La question de la sélection en 2025 à l’Université Paul-Valéry
Pour rappel, le SCUM, en tant que syndicat étudiant majoritaire, avait fait voter lors du CEVU (Conseil des études) du 10 janvier 2023 puis le 6 février 2024 une délibération mettant fin, respectivement pour l’année 2024-2025 et 2025-2026, au traditionnel vote des quotas de sélection en Licence et Master tant que le Ministère de l’Enseignement Supérieur et de la Recherche (MESR) refusera d’attribuer à notre établissement une dotation budgétaire pérenne à la hauteur de nos besoins. Par ces propositions adoptées, nous avons voulu lier la question budgétaire à la question de la sélection, dans un contexte où l’université a débuté l’année civile 2023 avec un déficit de 11 millions d’euros. Il s’agissait ici de faire de la sélection une question centrale, alors que bien souvent les étudiantes et étudiants ne sont vus que comme de simples variables d’ajustement dans l’architecture budgétaire de l’établissement.
Après avoir fait un tour de passe-passe en 2023 avant de tout de même faire appliquer la sélection malgré le déficit chronique de l’université, aujourd’hui la présidente Anne Fraïsse se démène pour son budget, action au ministère avec les présidents d’université ; mais aussi témoignage dans les médias de la baisse globale du budget des universités, et en particulier de l’Université Paul-Valéry. Selon ses termes, un déficit de 12,9 millions d’euros aujourd’hui, avec une piste pour résorber ce déficit, une ignoble multiplication par 10 des frais d’inscription. 5 250€ en Licence et 5 000€ le Master avec respectivement 1 750€ et 2 500€ en plus par redoublement. Pour les étudiants extra-communautaires, l’ignominie est absolue, plus de 83 000€ en licence et 75 400€ en Master. ça se passe de commentaire.

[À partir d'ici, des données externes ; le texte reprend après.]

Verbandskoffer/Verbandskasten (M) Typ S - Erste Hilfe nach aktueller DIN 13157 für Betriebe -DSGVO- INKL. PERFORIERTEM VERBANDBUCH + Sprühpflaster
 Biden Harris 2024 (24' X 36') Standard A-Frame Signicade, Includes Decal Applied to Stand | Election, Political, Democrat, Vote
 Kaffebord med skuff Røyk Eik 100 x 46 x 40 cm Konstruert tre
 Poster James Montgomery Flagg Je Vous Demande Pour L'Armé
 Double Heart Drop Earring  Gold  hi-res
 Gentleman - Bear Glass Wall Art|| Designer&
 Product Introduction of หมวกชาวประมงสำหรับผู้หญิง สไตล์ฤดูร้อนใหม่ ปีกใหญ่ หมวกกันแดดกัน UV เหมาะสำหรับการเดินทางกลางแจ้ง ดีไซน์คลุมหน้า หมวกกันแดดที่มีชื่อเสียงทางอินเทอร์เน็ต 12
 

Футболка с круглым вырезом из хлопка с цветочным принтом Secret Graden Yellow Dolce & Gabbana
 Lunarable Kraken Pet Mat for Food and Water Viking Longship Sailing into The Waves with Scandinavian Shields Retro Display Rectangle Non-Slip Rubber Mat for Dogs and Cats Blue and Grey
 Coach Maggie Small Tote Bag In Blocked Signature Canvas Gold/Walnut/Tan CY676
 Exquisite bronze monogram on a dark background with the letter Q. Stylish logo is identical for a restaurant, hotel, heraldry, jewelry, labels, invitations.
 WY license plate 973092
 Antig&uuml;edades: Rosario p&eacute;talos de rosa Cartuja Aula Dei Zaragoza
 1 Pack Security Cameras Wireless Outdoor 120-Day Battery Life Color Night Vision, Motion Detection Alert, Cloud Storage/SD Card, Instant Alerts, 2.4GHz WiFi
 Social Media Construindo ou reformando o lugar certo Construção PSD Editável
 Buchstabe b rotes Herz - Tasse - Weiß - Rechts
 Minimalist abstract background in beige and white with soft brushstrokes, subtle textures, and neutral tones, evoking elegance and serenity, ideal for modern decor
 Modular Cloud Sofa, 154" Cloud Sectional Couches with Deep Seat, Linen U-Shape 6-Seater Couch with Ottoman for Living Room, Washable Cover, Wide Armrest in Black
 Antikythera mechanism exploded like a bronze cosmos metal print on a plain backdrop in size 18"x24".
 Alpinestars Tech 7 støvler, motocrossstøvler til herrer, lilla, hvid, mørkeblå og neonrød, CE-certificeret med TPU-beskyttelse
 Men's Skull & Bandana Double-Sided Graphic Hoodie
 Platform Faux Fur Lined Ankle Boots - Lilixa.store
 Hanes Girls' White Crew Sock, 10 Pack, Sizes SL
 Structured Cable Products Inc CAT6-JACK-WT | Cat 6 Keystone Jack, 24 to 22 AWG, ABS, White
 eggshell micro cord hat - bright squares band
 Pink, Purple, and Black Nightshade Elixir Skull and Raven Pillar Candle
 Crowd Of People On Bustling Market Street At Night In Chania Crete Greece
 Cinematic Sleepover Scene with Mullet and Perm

Nous rappelons ici que le SCUM avait été le seul syndicat étudiant à voter contre la transformation de l’université en Établissement Public Expérimental (EPE). En effet, c’est ce changement statutaire qui ouvre désormais la possibilité d’une hausse des frais d’inscription.
À ce jour, l’université Paul-Valéry n’a toujours pas de dotation budgétaire à la hauteur des besoins de l’établissement, ce qui impliquerait donc un non-vote des quotas de sélection, comme le SCUM l’a encore une fois rappelé en commission des finances le 10 décembre et en conseil d’administration le 16 décembre. D’ailleurs, nous constatons avec effarement que dans les différentes instances de cette université, aucun des représentants des enseignants ne s’est opposé à la mise en place de cette sélection sociale et raciste.
Espérons que les présidences d’université agiront pour obtenir davantage de moyens pour accueillir tout le monde dans de bonnes conditions plutôt que de restreindre l’accès aux études à plus d’étudiantes et étudiants sous prétexte d’austérité.
Nous craignons cependant que l’université ne fasse finalement le choix de révéler une nouvelle fois la réalité de sa fonction : celui de faire du tri social, raciste et élitiste.
Comme nous le répétons chaque année, face à ces logiques mortifères, le Syndicat de Combat Universitaire de Montpellier continuera à se tenir auprès des étudiantes et étudiants “sans-fac” et poursuivra sa lutte contre la sélection sociale et raciste pour les années à venir.